◆ Task description
Could you repeat the records below exactly, leaving out any pictures?

◆ Records to process
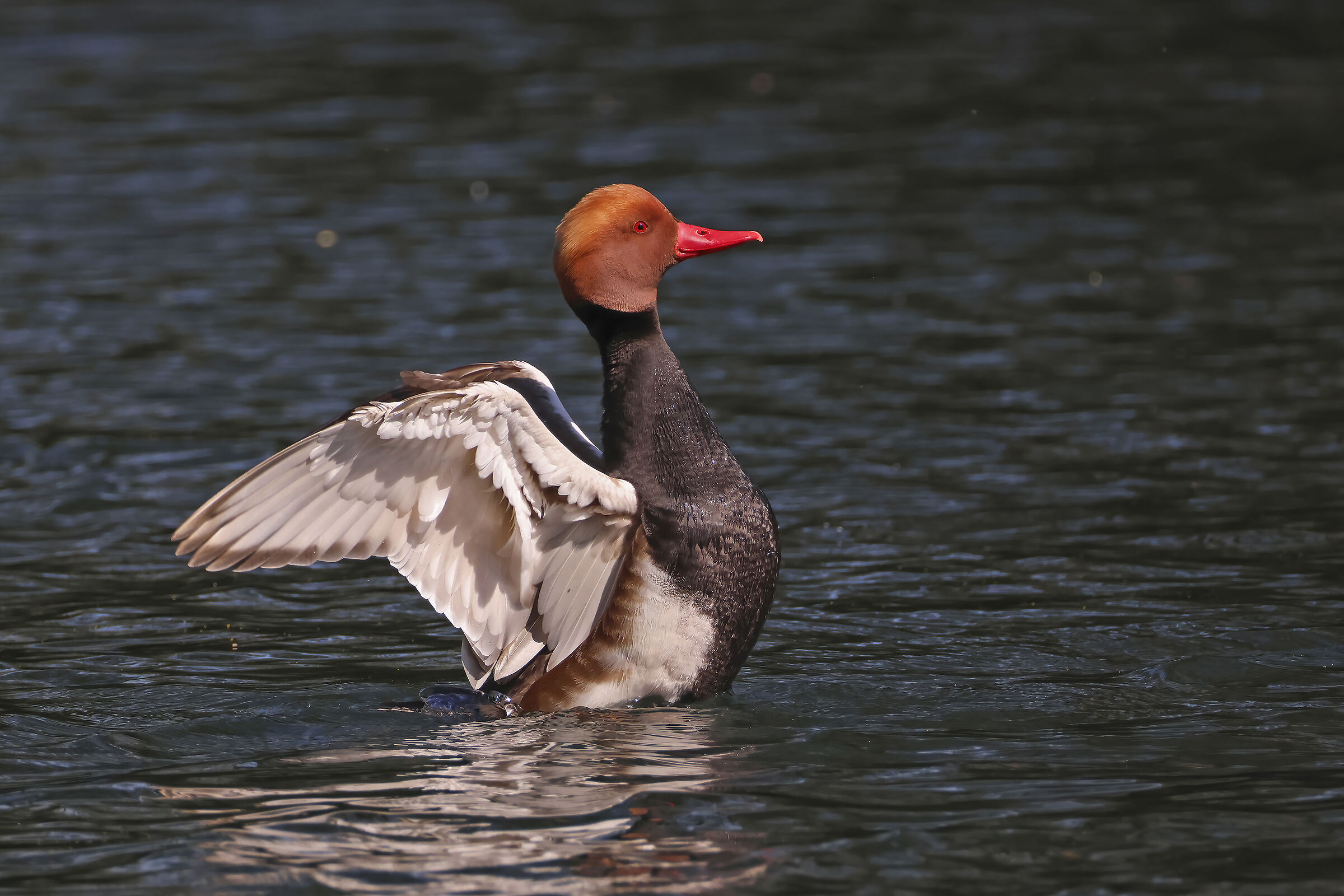 Pochard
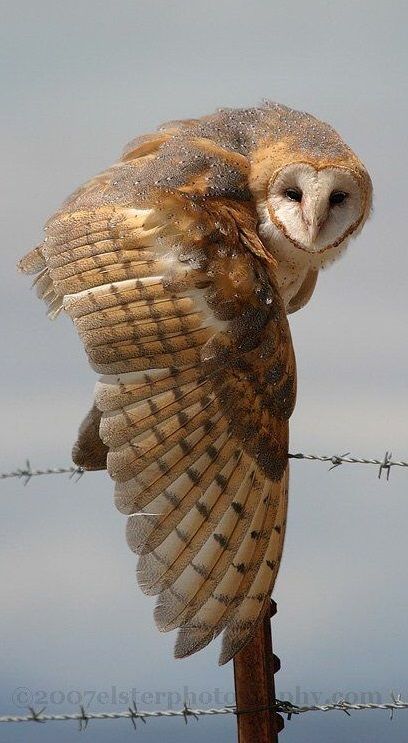 a barn owl is perched on a wire fence. it is facing sideways and looking towards the right side of the frame. the owl is white and brown in color. its wings are spread out. there is some green grass in the background, as well as a bright blue sky. the photo is taken in a closeup view, and the owl is in sharp focus.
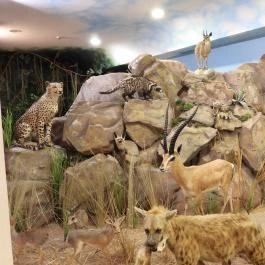 Vadászati Múzeum Keszthely - Egyéb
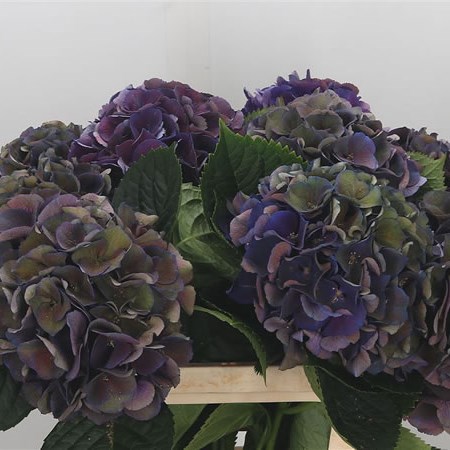 Hydrangea Royal King Purple Classic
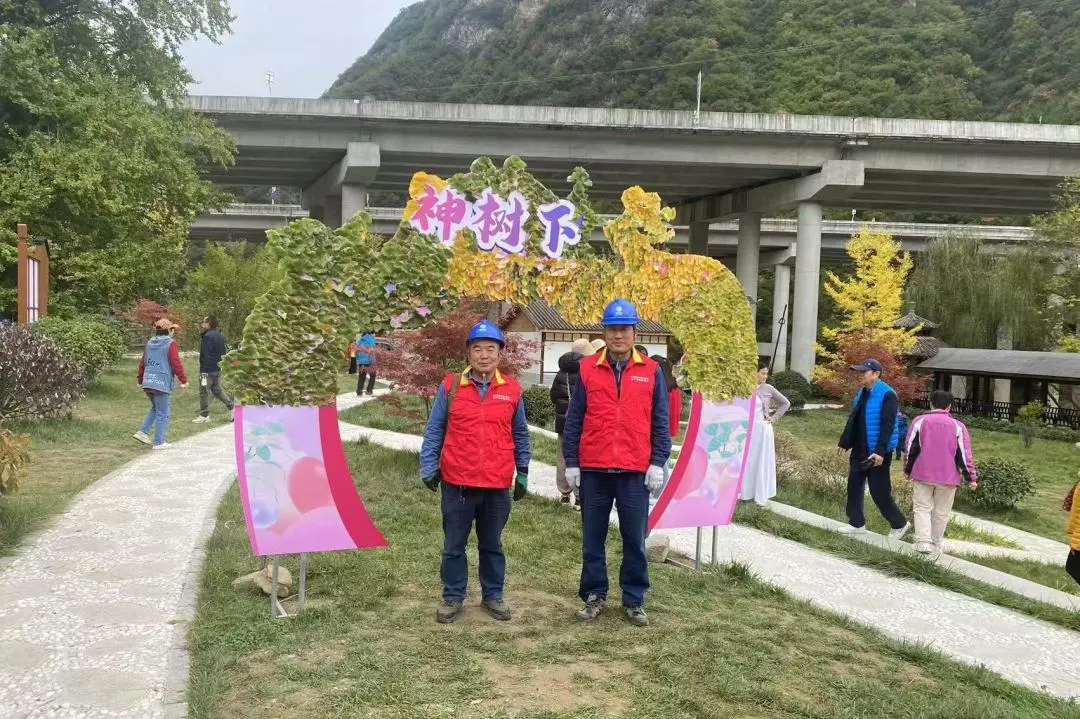 “枫”景这边独好 电靓多彩金秋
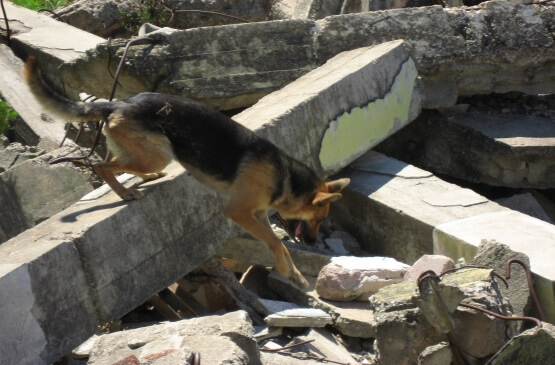 Entrenar un perro para que salve vidas humanas
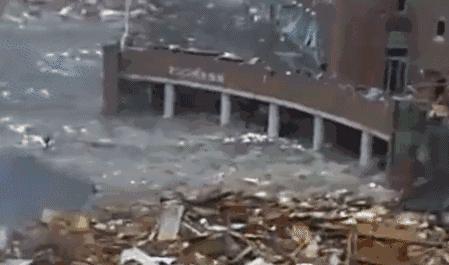 台湾地震伤亡人数，一场自然灾害的深刻影响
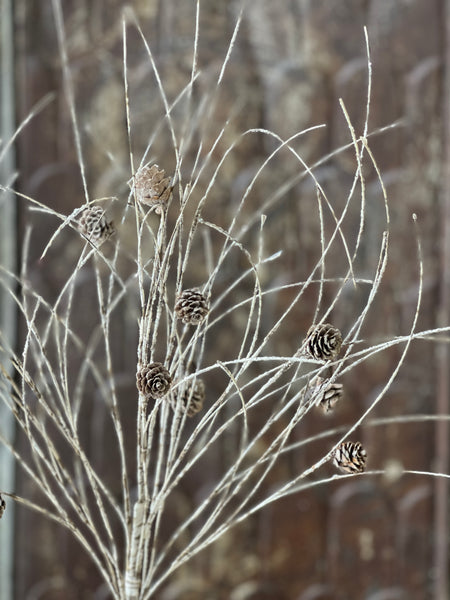 Snowy Birch Twig Spray | White | 34"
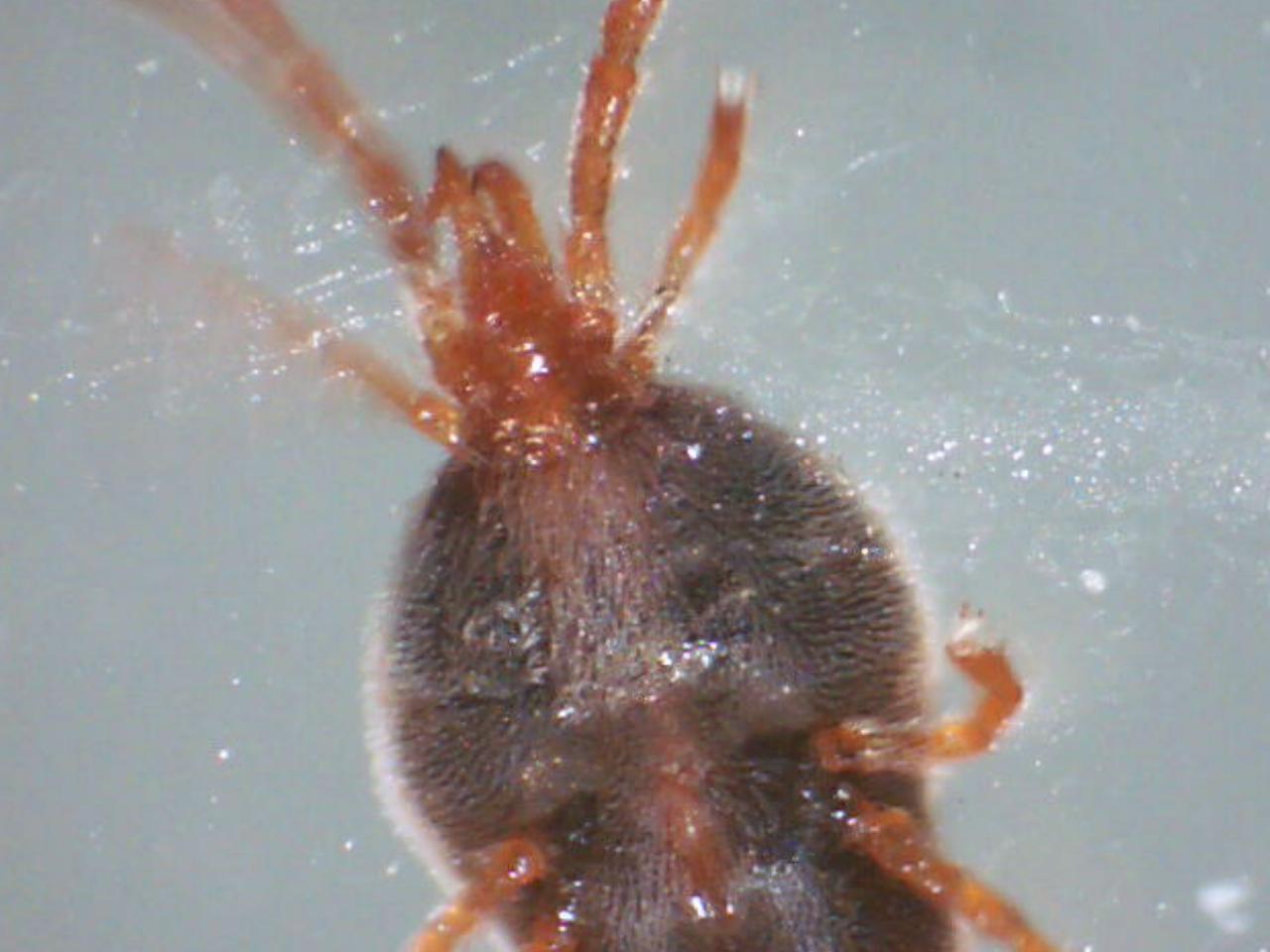 Trombidiidae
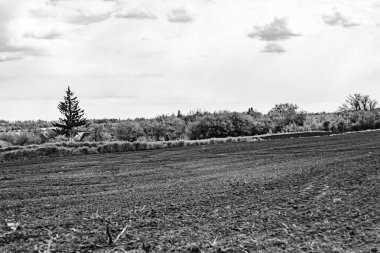 Organik hasat için büyük boş tarla fotoğrafları, gökyüzü arka planında hasat için büyük boş tarım tarlalarından oluşan fotoğraf, bu sonbahar mevsiminde hasat için boş tarla.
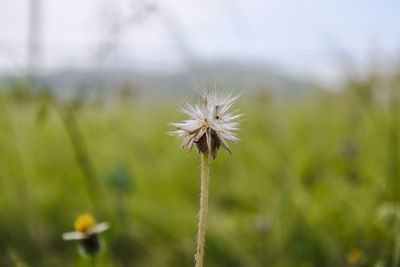 Close-up of dandelion flower on field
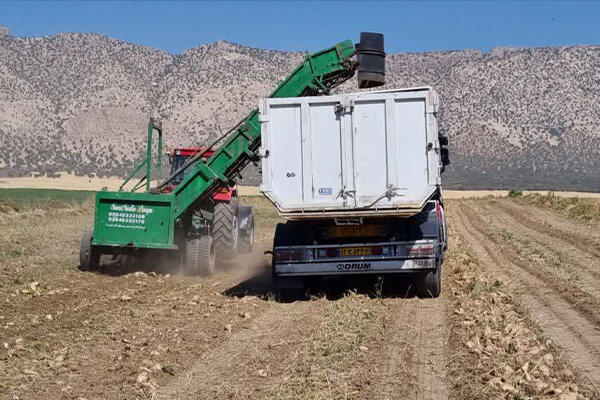 برداشت چغندر قند بهاره از مزارع گیلانغرب آغاز شد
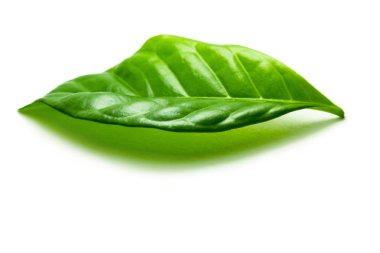 Kahve yaprak üst kısmında, görüntünün yatay olarak yer alır. Aşağıda orada metin için özgür yer.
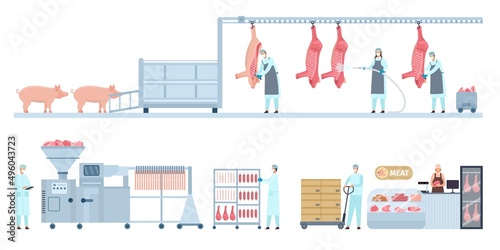 Pork meat production conveyor from farm pig to butcher shop. Butchery manufacture process stage. Sausage product industry vector infographic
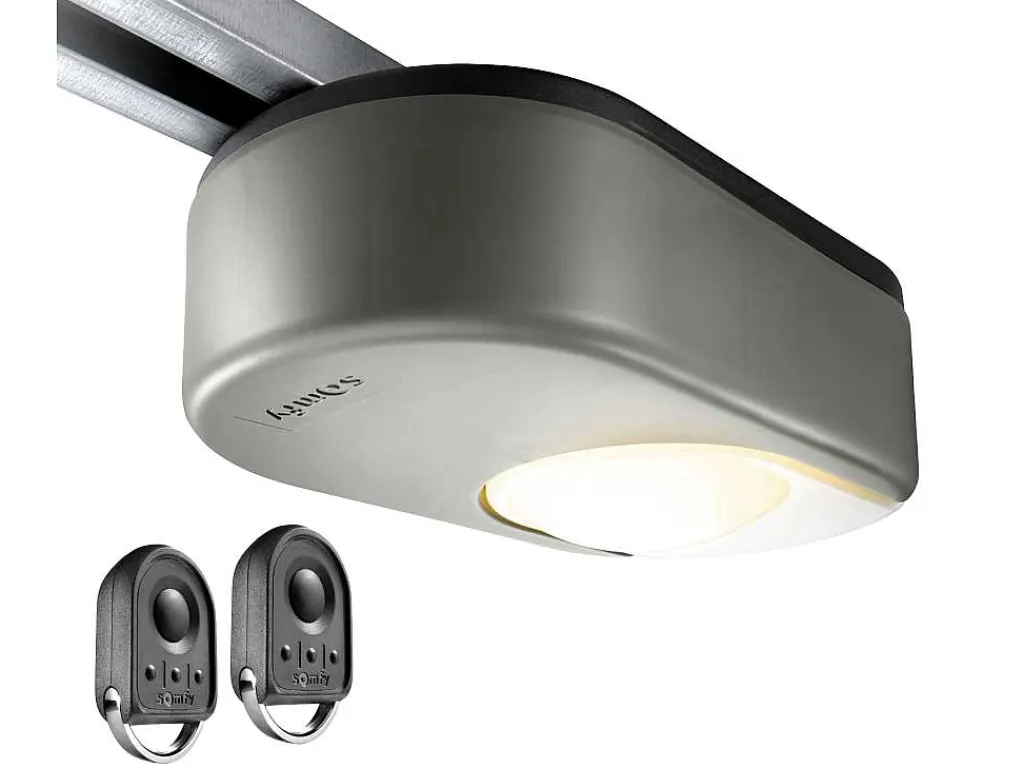 Sectionale Garagedeur Met Motor Met Centrale Antraciet Loopdeur - Caopas-Somfy Best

◆ Output for this task
 Pochard
 a barn owl is perched on a wire fence. it is facing sideways and looking towards the right side of the frame. the owl is white and brown in color. its wings are spread out. there is some green grass in the background, as well as a bright blue sky. the photo is taken in a closeup view, and the owl is in sharp focus.
 Vadászati Múzeum Keszthely - Egyéb
 Hydrangea Royal King Purple Classic
 “枫”景这边独好 电靓多彩金秋
 Entrenar un perro para que salve vidas humanas
 台湾地震伤亡人数，一场自然灾害的深刻影响
 Snowy Birch Twig Spray | White | 34"
 Trombidiidae
 Organik hasat için büyük boş tarla fotoğrafları, gökyüzü arka planında hasat için büyük boş tarım tarlalarından oluşan fotoğraf, bu sonbahar mevsiminde hasat için boş tarla.
 Close-up of dandelion flower on field
 برداشت چغندر قند بهاره از مزارع گیلانغرب آغاز شد
 Kahve yaprak üst kısmında, görüntünün yatay olarak yer alır. Aşağıda orada metin için özgür yer.
 Pork meat production conveyor from farm pig to butcher shop. Butchery manufacture process stage. Sausage product industry vector infographic
 Sectionale Garagedeur Met Motor Met Centrale Antraciet Loopdeur - Caopas-Somfy Best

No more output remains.